The replacement of a small two-span bridge was recently completed in North Haven, ME using Northeast Extreme Tee (NEXT) beams constructed with lightweight concrete. This is the first time that NEXT beams have been designed with lightweight concrete. For this bridge, lightweight concrete was used to allow the reuse of the existing pier, which helped speed the construction and to reduce the girder weight for shipping and handling. The bridge site is located on an island, so all materials used to build the bridge had to be transported 12 miles on a barge. Using the NEXT beams simplified construction and reduced the requirement for field-placed concrete.
The prestressed concrete fabricator, J.P. Carrara & Sons, Inc., of Middlebury, VT, chose Norlite lightweight coarse aggregate manufactured in Cohoes, NY to make the lightweight concrete for the beams. The design compressive strength for the self-consolidating lightweight concrete was 6,000 psi, with a density of 120 pcf.
The beam cross-section used for the bridge was the full-depth deck section, or the NEXT D section, which was developed by the PCI Northeast Technical Committee. For this bridge, the beam was 28.5 in. deep with an 8’-4” wide top flange that serves as the bridge deck. The two beams that were used to comprise each span were connected by an 8” wide longitudinal closure joint.

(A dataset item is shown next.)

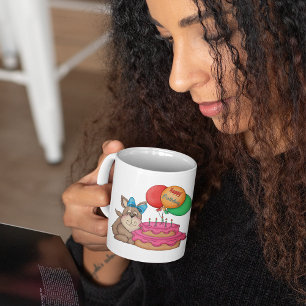 Taza De Café Feliz cumpleaños con una pipa con globos y pastele
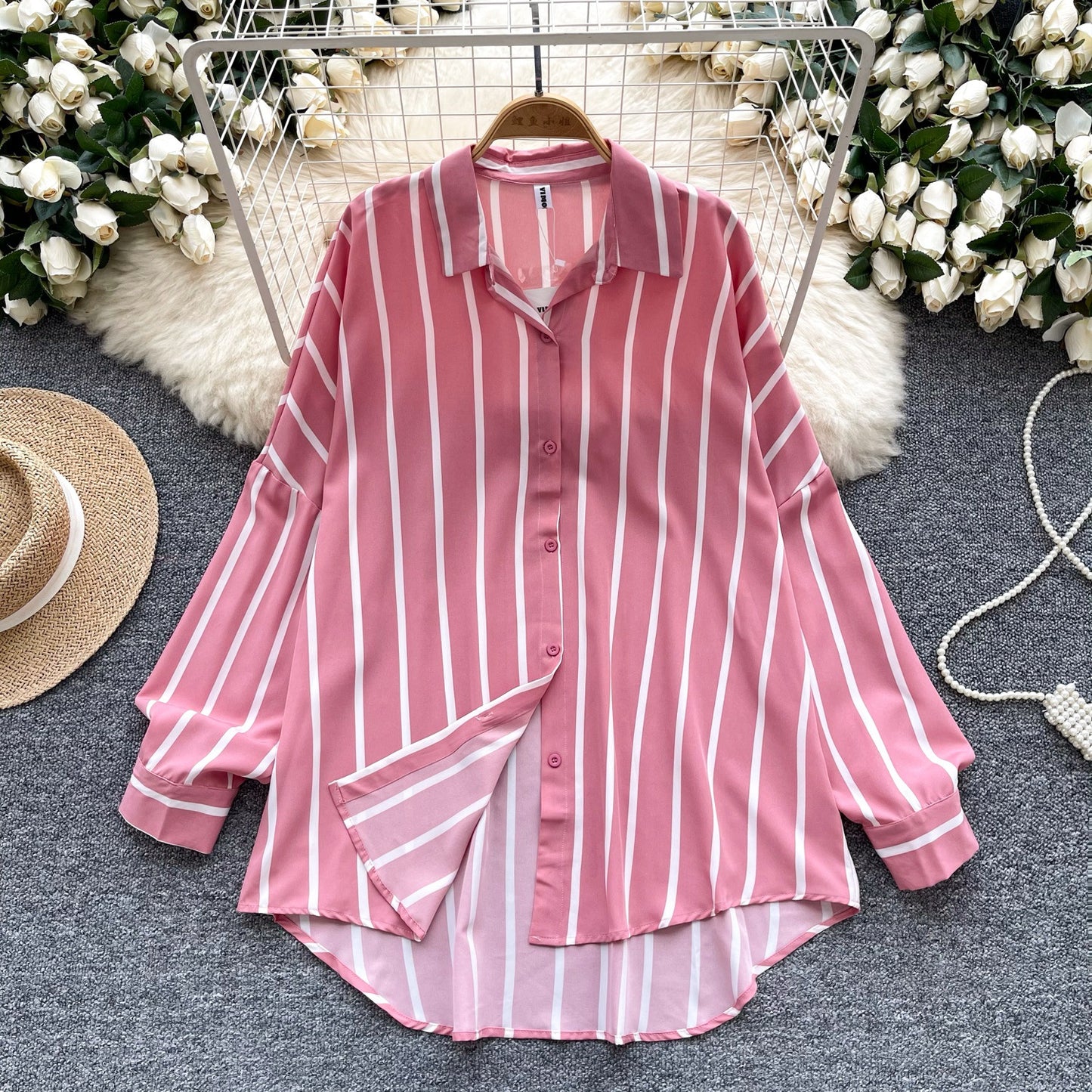 Loose, Mid-length Plus-size Shirt That Looks Slimming And Stylish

Since this beam section includes an 8 in. thick structural deck, the beams can be very heavy. The use of lightweight concrete for NEXT D beams was anticipated by the PCI NE Technical Committee by providing a preliminary design chart for lightweight concrete for the NEXT D beams in their Guidelines for Northeast Extreme Tee Beam (NEXT Beam), as shown below.
While a 12 ft. wide top flange is included in the preliminary design charts for the NEXT F section (which has a 4 inch thick top flange so is significantly lighter than the NEXT D section), the 12 ft. width is not included in the NEXT D section charts because the Technical Committee thought that the beams would be too heavy to be transported economically in the Northeast. The figure below demonstrates that a 36 in. deep lightweight concrete NEXT D beam that has a 12 ft. wide top flange only weighs slightly more than a normal weight concrete NEXT D beam with an 8 ft. wide top flange. Therefore, use of lightweight concrete for the NEXT D sections can facilitate use of wider top flanges which typically provide a more efficient design. Use of lightweight concrete for NEXT beam designs may also allow designers to use shallower sections, addressing the vertical clearance issue below bridges which is often a very important issue in the Northeast.